Cut costs on your way to compliance
DORA harmonises regulations that currently diverge between member states, and prioritises operational resilience following post-financial crash reforms that focused on financial resilience.
And if harmonisation promises to simplify and reduce the cost of compliance in an inherently cross-border sector, then a unified offensive security strategy can also simultaneously simplify and lower the cost of fulfilling the new security obligations.
YesWeHack’s Bug Bounty service is, for instance, priced by results – organisations pay only for valid, actionable bugs, with ‘bounties’ determined by a bug’s severity.
The YesWeHack platform as a whole, meanwhile, “allows simple, unified processing and remediation of vulnerabilities reported from various sources, whether Bug Bounty, internal or external pentests, or Vulnerability Disclosure Policies (VDPs),” says Aïmad Berady, VP Product at YesWeHack. “This ease of management simplifies internal procedures for analysing, prioritising and remediating discovered vulnerabilities.”
Rapidly launched and quickly scalable, Bug Bounty Programs are also well placed to accommodate DORA’s demands for a rapid increase in cyber capacities in the context of a global cyber skills shortage. These advantages are a particular boon for organisations with countless ICT providers to audit or medium-sized entities that were hitherto exempt from the patchwork of rules that DORA replaces.
“Our experts can be mobilised in a very short time,” saysBerady. “Bug hunters are also capable of discovering zero-day [previously unknown] vulnerabilities that allow malicious hackers to penetrate quickly while remaining under the radar of detection systems, with a very low number of exploitation attempts,” he adds.
Indeed, in a recent report Akamai said a 65% year-on-year jump in web and API attacks against the financial services industry was fuelled by “cybercriminal groups’ active pursuit of zero-day and one-day vulnerabilities as pathways for initial intrusion”.
Tristan Lewitte, Customer Success Manager at YesWeHack, points out that bug hunters also have more time “to study the scope and its defenses, bypass security tools and explain how they did it. And the sheer volume of activity alone gives better insights than a pentest,” he adds.
Real-time visibility of a Bug Bounty Program’s ‘hacktivity’ via YesWeHack’s Vulnerability Center is also a “perfect tool for fulfilling DORA requirements around testing and finetuning policies, processes and security tools, and monitoring, prevention and detection capacities, as well as training security teams and developers,” says Lewitte.
DORA prescribes stringent data security requirements for processing highly sensitive TLPT findings.

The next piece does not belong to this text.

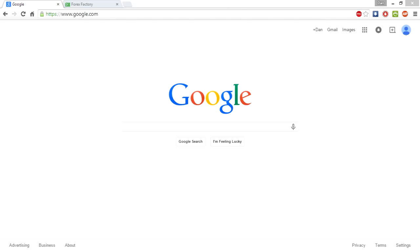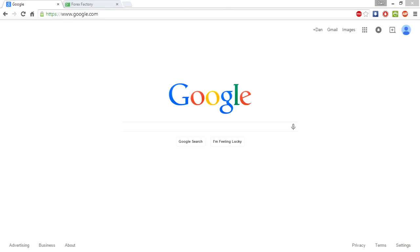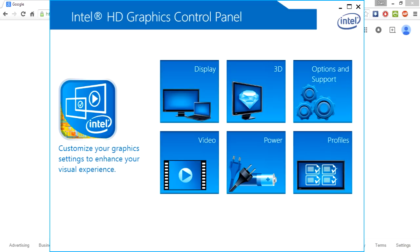After doing some research, I found that with Intel HD graphics, if you hit Control-Alt-F12, the HD control panel will pop up, and it's really a simple fix.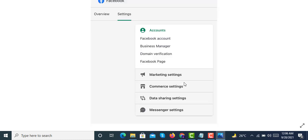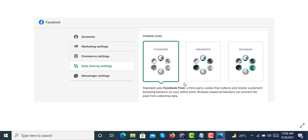Then go to accounts and then go to data share settings. And then from maximum, just select standard and put it on the standard for about 12 to 48 hours. And after 48 hours, we switch it to maximum.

As such, it’s wise for financial entities to choose a Bug Bounty platform with robust mechanisms around confidentiality and information integrity (YesWeHack demonstrates these capabilities through ISO 27001 and ISO 27017 certifications). A secure, encrypted channel for communicating with vulnerability researchers is a must too.

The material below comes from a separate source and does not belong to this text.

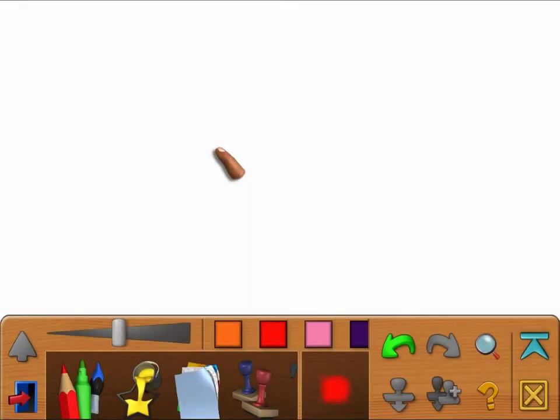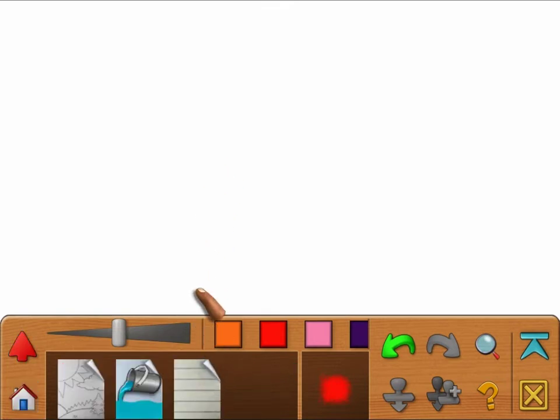You always start each doodle with an empty white background. You can just start making your picture from here, or you can change that background in one of three different ways.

Contrary to prevalent misconceptions, Bug Bounty platforms can help organisations certify compliance and share vulnerability information with relevant authorities, thanks to interactive dashboards and one-click generation of proofs of audit and exportable executive summaries.
Many organisations already use Bug Bounty programs to demonstrate compliance with ISO 27001, whose risk-based prescriptions for continuous testing provide an invaluable springboard for DORA compliance.
DORA’s risk management framework, meanwhile, requires that organisations identify, classify and document ICT assets. They must also continuously monitor exposure to cyber threats and vulnerabilities.
This is where Attack Surface Management (ASM) comes in. YesWeHack’s newly launched ASM platform gives InfoSec teams a real-time, comprehensive picture of their online assets and exposure to known vulnerabilities, as well as automated, risk-based prioritisation of those bugs.
Given the complexity of mapping let alone securing ballooning attack surfaces, it’s little wonder that Gartner has cited continuous attack surface management as a top strategic technology trend for 2024.